Le bras de fer entre les représentants du personnel et la Direction générale de la SETER semble entrer dans une nouvelle phase. Dans un communiqué adressé notamment au ministre chargé du Travail, au Directeur général du Travail et de la Sécurité sociale ainsi qu’à l’Inspecteur du Travail compétent, le Collège des Délégués du Personnel annonce formellement l’existence d’un différend collectif de travail.
Les représentants des travailleurs expliquent cette décision par l’absence persistante de réponses qu’ils jugent satisfaisantes aux préoccupations collectives exprimées par le personnel. Ils affirment avoir privilégié, jusqu’ici, le dialogue social, les échanges et les négociations avec les différents niveaux de responsabilité de l’entreprise.

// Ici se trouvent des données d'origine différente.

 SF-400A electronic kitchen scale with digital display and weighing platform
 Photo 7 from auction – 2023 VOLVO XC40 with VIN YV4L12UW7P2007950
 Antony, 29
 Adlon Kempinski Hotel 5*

Des revendications qui touchent aux salaires et aux conditions de travail
Au cœur des préoccupations soulevées figurent notamment l’amélioration du pouvoir d’achat, des rémunérations et des avantages sociaux. Les délégués évoquent également les conditions de vie et de travail des salariés, ainsi que les questions liées aux plans de carrière et à l’évolution professionnelle.
La promotion, la classification, la mobilité et les mécanismes d’évolution salariale font également partie des sujets de préoccupation. Les représentants du personnel réclament davantage de transparence, d’équité et d’égalité de traitement dans ces différents mécanismes.
Le Collège des Délégués du Personnel dénonce par ailleurs des disparités dans le traitement des différentes catégories de travailleurs. Il s’interroge notamment sur la coexistence, au sein de la même entreprise, de régimes conventionnels distincts applicables à certaines catégories de personnel.
Pour les représentants des travailleurs, cette situation pose la question de l’équité de traitement, de l’harmonisation des droits et de la cohérence du cadre social applicable au personnel.
Le dialogue social jugé insuffisant
Dans leur correspondance, les délégués du personnel affirment que plusieurs démarches ont été entreprises auprès de la Direction générale. Des consultations, échanges et négociations auraient ainsi été engagés dans le but de trouver des réponses aux revendications formulées dans la plateforme revendicative des travailleurs.
Mais, selon le Collège, ces différentes initiatives n’auraient pas permis d’obtenir « des engagements concrets, précis et satisfaisants » sur les principales revendications.
Les représentants du personnel font ainsi état d’un « épuisement » des voies de négociation et de concertation engagées jusque-là. Ils considèrent désormais que le recours aux moyens d’action légalement ouverts aux travailleurs devient nécessaire.
Une démarche encadrée par la législation
Dans leur saisine, les délégués s’appuient notamment sur l’article 25 de la Constitution sénégalaise, qui reconnaît le droit de grève et le droit des travailleurs à défendre leurs droits par l’action syndicale.
Ils invoquent également les dispositions du Code du travail relatives au règlement des différends collectifs de travail, notamment les articles L.271 et suivants, ainsi que les dispositions de la Convention collective nationale interprofessionnelle portant sur le dialogue social et le règlement des différends collectifs.
La démarche engagée par les représentants du personnel se veut donc, selon le communiqué, inscrite dans le strict respect du cadre légal.
Vers une nouvelle étape du conflit social ?
La notification officielle d’un différend collectif marque une étape importante dans les relations entre le personnel et la Direction de la SETER. Elle ouvre potentiellement la voie aux procédures prévues par la législation en matière de règlement des conflits collectifs.
Pour l’heure, le Collège des Délégués du Personnel réaffirme sa détermination à défendre les intérêts collectifs des travailleurs, tout en indiquant avoir épuisé les différentes voies de dialogue et de concertation.
La suite dépendra désormais de la capacité des différentes parties à renouer un dialogue permettant de débloquer les revendications en suspens. À défaut, le dossier pourrait connaître de nouvelles évolutions dans le cadre des mécanismes prévus par le droit du travail sénégalais.
Il convient toutefois de souligner que le communiqué ne signifie pas, à lui seul, qu’une grève est déclenchée. Il formalise la notification d’un différend collectif et annonce la volonté des représentants du personnel d’utiliser les moyens d’action légalement prévus.